Budget, Land Buy Hearings

    The East Hampton Town Board will hold a hearing at Town Hall next Thursday at 7 p.m. on a proposed $69.9 million budget for 2014. An initial tentative spending plan was amended, with the addition of several items totaling $62,000.  Len Bernard, the town’s budget officer, said Tuesday that the final numbers bring the budget to within $6,500 of the maximum tax increase amount allowed the town under a state-imposed 2-percent cap on tax increases. A hearing will also be held next Thursday night on the purchase of 1.9 acres on Montauk Highway in Amagansett for a total of $750,000. The property is jointly owned by several holders, including the Animal Rescue Fund of the Hamptons and Tufts and Yeshiva Universities. An anonymous donor will be contributing $350,000 to the town toward the cost; the remainder will come from the community preservation fund.

Suffolk County

Water Body Research

    Researchers at Stony Brook University have found that Georgica Pond is one of the most pristine bodies of water in Suffolk County.  A study commissioned by the East Hampton Town Trustees followed the September 2012 death of a dog that may have consumed water from or near Georgica Pond, which, it was feared, might have contained blue-green algae. Earlier this year, the trustees had voted to initiate monitoring of the waters in its jurisdiction and launched a partnership with Dr. Christopher Gobler, an expert on toxic algae.

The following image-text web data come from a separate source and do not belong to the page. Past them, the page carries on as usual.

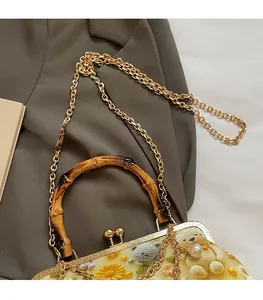 Detail of bamboo handle and gold chain strap on floral shell bag with bear pattern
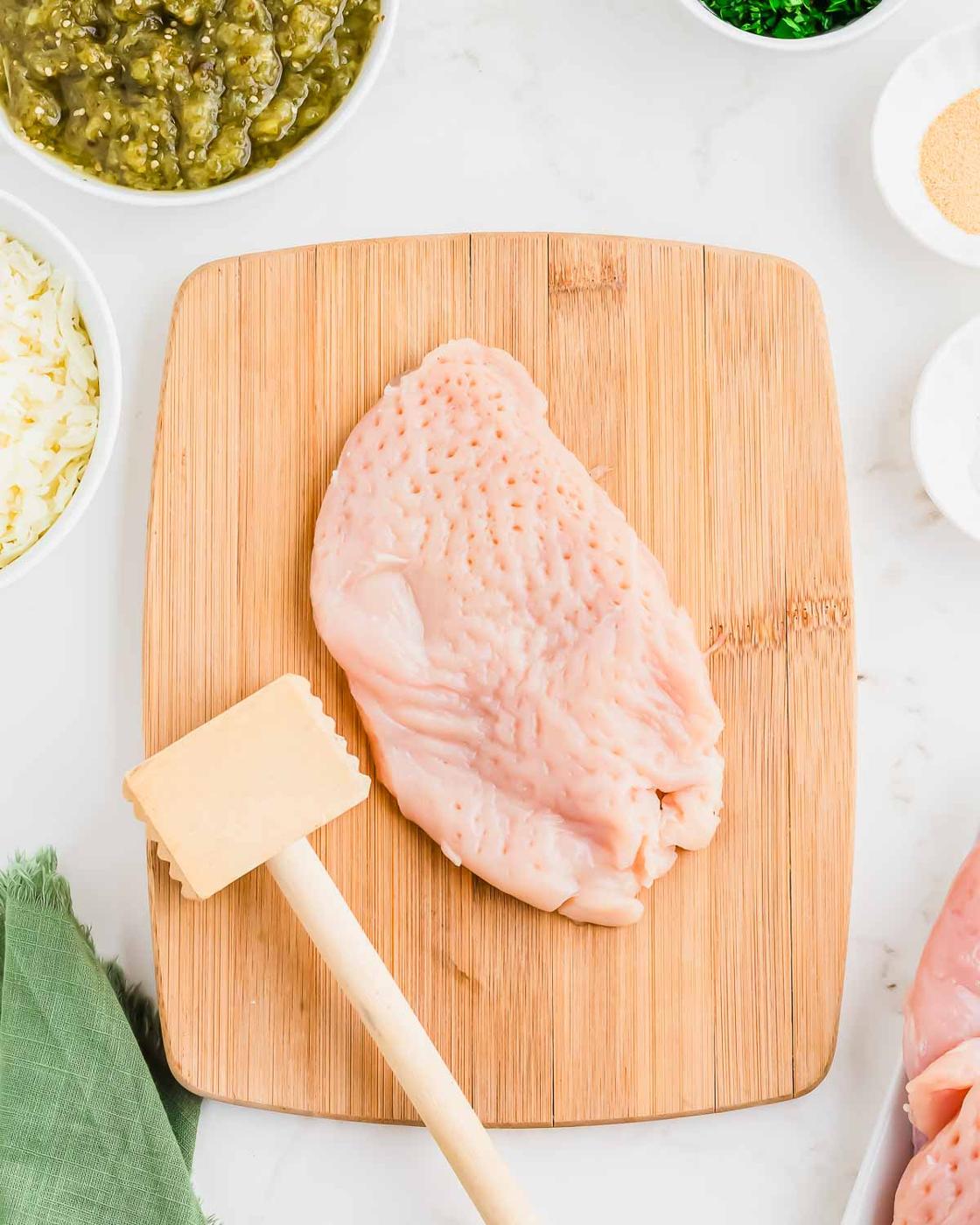 A raw chicken breast on a wooden cutting board, tenderized with a meat mallet, surrounded by bowls of ingredients such as green salsa, shredded cheese, and spices on a white countertop.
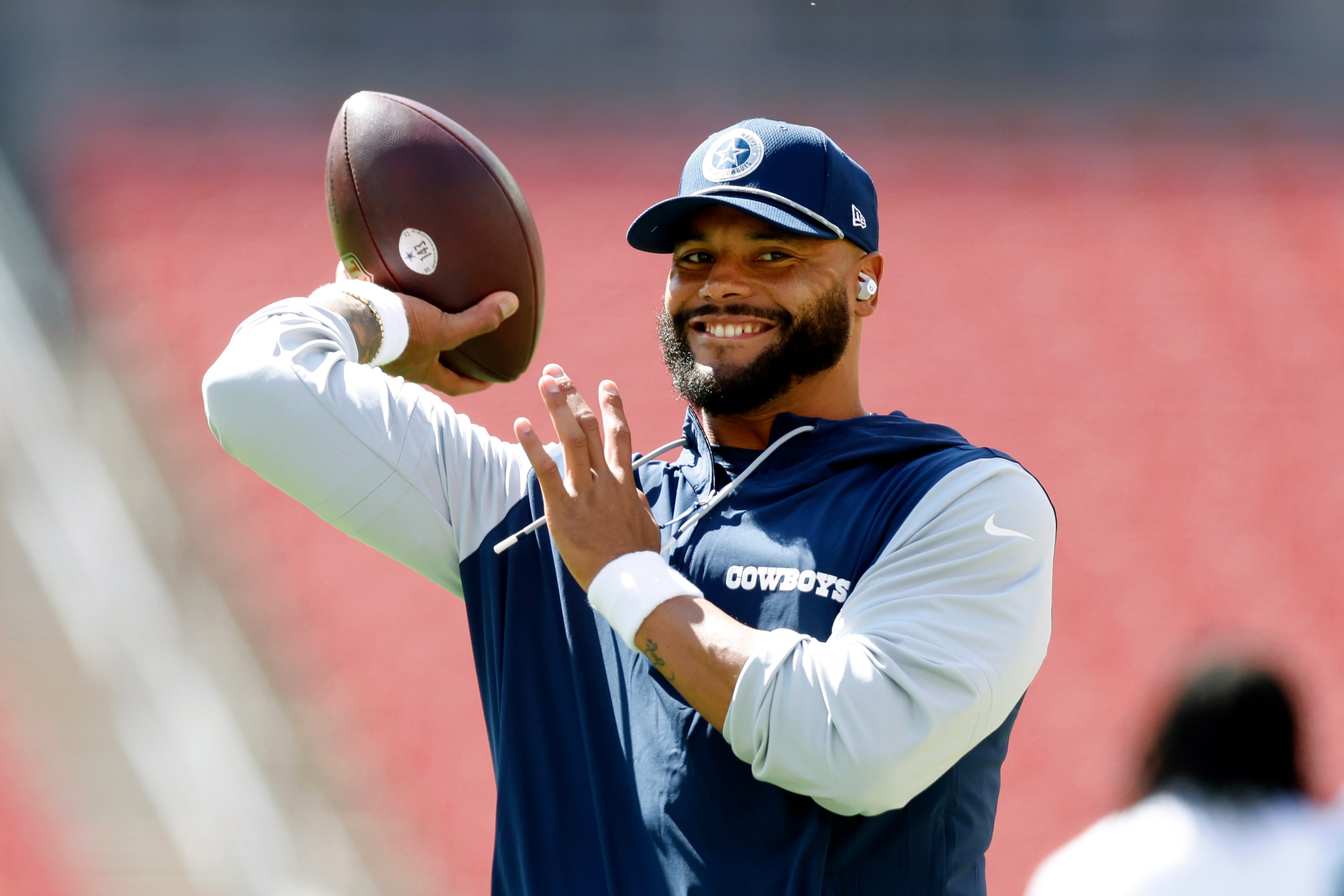 Dallas Cowboys quarterback Dak Prescott smiles as he warms up before a game against the...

    Dr. Gobler compared his findings at Georgica and other water bodies in East Hampton Town to 12 sites across the county. Georgica Pond, which is brackish and periodically opened to the Atlantic, had some of the lowest levels of blue-green algae, with each of two sites sampled within the pond having, on average, less than 1 microgram per liter during the spring, summer, and fall of 2013. In a press release, Dr. Gobler noted that Lake Agawam in Southampton Village and Mill Pond in Water Mill had more than 20 micrograms of blue algae per liter, a finding that warranted listing with the state Department of Environmental Conservation. A follow-up study of Georgica, as part of the continued water quality monitoring of all trustee-managed waters, is planned in 2014.    C.W.